→ WHAT YOU NEED TO DO:
Return exactly the span of lines in the following data that opens with the line containing "Vải áo dài hoa nhí-DT 171" and closes with the line containing "Нержавеющая сталь крест". Include nothing else.

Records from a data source
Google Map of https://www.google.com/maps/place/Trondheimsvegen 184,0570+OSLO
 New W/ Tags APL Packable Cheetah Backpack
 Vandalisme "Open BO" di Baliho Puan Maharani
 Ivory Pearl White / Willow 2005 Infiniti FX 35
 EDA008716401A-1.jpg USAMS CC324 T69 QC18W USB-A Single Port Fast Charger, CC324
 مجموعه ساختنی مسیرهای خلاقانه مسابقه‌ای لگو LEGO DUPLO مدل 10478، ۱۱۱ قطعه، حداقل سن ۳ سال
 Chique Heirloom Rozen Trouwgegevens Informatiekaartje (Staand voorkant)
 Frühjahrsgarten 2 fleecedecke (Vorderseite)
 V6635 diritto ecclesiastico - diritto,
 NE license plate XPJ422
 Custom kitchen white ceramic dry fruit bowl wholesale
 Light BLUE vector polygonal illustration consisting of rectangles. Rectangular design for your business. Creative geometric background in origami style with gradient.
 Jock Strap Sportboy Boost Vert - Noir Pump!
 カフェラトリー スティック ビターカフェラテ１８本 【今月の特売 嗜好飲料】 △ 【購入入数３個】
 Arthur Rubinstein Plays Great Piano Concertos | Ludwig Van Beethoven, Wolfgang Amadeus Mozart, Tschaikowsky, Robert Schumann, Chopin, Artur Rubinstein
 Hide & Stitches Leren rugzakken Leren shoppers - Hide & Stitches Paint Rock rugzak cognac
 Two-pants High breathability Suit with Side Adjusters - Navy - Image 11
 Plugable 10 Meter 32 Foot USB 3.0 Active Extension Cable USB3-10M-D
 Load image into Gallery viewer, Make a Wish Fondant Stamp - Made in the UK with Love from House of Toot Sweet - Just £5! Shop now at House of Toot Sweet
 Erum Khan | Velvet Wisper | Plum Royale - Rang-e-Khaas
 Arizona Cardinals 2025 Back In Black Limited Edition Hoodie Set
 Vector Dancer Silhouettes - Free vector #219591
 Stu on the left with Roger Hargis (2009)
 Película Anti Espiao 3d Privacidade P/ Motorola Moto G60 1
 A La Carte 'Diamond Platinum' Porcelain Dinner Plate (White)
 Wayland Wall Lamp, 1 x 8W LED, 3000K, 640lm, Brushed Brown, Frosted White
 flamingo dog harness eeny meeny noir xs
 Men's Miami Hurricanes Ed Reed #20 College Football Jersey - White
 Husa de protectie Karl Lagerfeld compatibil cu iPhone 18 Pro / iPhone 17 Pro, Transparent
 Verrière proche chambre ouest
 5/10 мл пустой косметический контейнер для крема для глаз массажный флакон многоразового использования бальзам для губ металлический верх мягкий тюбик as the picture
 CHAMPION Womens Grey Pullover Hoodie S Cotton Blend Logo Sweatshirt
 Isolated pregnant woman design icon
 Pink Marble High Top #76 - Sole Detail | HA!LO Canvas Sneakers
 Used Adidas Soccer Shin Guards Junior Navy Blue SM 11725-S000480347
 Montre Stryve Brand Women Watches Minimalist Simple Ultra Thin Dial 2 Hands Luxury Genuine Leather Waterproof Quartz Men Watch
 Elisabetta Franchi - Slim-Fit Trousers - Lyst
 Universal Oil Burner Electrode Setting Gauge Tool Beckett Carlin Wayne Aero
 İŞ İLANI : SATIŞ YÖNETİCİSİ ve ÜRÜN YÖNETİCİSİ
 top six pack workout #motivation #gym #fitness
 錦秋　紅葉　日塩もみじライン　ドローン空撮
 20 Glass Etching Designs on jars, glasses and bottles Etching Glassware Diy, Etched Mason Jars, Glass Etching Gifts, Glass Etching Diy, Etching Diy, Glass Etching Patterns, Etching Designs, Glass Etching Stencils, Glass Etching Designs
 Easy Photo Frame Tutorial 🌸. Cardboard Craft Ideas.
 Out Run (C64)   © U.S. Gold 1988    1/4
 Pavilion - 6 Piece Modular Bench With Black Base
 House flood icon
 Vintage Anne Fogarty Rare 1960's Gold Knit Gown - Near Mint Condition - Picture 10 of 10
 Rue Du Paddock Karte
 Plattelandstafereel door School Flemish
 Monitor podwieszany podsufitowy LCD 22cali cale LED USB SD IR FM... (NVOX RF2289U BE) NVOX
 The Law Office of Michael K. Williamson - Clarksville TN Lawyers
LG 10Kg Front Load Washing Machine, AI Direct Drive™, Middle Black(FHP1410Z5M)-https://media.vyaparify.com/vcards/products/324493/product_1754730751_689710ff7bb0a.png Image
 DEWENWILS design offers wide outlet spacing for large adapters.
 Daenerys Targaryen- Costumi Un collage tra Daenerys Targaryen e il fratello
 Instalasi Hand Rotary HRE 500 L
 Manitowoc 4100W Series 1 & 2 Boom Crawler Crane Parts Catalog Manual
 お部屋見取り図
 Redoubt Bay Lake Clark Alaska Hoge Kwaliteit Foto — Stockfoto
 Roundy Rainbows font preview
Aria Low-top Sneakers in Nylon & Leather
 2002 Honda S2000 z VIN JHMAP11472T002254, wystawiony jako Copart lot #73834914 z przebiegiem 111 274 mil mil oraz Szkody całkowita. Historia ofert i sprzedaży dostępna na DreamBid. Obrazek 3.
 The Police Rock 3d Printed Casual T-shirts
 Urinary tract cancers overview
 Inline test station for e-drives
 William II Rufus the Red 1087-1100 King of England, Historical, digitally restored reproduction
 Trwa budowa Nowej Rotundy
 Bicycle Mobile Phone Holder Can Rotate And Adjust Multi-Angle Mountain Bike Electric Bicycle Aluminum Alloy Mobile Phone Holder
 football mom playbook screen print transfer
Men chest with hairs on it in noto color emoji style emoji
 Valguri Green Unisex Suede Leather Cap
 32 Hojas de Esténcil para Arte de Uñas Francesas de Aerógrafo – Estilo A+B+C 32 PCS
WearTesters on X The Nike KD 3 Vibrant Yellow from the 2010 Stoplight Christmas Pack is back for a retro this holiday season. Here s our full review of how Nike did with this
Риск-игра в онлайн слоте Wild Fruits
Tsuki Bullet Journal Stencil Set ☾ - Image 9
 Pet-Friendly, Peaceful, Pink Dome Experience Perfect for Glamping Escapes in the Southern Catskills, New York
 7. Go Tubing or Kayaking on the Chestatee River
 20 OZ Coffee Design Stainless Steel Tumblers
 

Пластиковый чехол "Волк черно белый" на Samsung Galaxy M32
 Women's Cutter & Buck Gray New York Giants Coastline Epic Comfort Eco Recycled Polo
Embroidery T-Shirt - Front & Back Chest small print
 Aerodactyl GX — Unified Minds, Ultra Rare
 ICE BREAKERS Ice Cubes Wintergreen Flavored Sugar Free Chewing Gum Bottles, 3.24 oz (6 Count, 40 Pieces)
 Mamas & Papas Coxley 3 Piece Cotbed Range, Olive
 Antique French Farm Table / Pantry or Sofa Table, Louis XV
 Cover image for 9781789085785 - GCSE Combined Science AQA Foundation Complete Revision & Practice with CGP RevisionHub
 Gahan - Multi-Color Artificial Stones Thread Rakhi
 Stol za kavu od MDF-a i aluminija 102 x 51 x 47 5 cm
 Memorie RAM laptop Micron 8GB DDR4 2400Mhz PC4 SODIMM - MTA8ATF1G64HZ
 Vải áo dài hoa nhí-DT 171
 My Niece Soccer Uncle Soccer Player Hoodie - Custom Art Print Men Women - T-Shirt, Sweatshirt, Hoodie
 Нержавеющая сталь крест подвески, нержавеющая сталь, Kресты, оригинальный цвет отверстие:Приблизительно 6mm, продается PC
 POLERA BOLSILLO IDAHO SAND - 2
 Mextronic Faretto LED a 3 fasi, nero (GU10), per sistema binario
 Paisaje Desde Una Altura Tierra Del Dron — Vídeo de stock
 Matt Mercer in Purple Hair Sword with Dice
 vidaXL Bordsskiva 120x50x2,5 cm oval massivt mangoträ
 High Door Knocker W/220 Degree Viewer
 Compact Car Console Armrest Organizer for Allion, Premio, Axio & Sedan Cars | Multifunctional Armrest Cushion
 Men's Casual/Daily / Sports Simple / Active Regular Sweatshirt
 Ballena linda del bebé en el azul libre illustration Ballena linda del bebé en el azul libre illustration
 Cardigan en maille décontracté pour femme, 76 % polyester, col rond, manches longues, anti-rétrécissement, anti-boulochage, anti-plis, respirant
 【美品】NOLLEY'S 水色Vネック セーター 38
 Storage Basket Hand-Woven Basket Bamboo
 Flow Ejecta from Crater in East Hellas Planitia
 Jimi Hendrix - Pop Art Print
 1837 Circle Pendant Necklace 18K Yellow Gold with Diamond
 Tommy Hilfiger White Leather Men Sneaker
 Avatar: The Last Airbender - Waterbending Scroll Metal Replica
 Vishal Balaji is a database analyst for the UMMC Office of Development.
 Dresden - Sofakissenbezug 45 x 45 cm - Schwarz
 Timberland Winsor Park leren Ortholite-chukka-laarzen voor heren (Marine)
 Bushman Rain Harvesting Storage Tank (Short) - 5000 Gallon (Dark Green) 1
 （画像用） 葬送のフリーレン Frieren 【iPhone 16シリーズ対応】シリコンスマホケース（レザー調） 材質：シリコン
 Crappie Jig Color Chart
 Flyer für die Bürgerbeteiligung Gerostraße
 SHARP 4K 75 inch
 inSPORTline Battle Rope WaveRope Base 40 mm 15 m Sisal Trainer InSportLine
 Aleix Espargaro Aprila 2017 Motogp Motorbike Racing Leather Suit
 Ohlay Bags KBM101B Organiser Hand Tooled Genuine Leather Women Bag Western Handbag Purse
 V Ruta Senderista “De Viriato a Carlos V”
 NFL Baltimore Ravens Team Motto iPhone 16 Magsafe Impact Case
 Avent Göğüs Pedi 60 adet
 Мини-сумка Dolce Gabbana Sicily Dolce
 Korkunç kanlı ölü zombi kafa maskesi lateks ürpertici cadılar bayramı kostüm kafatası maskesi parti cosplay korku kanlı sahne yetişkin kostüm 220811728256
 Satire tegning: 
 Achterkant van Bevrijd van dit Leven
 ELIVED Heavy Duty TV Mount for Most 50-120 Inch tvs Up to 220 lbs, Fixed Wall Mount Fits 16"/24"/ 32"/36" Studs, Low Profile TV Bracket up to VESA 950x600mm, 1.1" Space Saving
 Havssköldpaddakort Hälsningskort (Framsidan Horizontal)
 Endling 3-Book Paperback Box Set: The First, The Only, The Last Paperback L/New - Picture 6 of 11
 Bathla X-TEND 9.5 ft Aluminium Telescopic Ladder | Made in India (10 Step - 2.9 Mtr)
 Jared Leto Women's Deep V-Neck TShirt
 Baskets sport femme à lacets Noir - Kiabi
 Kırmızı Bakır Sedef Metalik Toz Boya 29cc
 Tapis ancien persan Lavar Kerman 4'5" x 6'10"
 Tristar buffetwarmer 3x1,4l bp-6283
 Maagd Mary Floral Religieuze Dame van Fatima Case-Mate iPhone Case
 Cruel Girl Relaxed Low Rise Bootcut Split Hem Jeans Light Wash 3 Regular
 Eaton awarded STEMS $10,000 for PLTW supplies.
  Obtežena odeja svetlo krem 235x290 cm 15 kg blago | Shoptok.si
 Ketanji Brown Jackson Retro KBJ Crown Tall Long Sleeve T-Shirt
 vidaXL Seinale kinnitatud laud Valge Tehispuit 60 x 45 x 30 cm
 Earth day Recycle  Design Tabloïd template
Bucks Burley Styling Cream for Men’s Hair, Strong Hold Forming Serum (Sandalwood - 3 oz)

→ EXPECTED ANSWER:
 Vải áo dài hoa nhí-DT 171
 My Niece Soccer Uncle Soccer Player Hoodie - Custom Art Print Men Women - T-Shirt, Sweatshirt, Hoodie
 Нержавеющая сталь крест подвески, нержавеющая сталь, Kресты, оригинальный цвет отверстие:Приблизительно 6mm, продается PC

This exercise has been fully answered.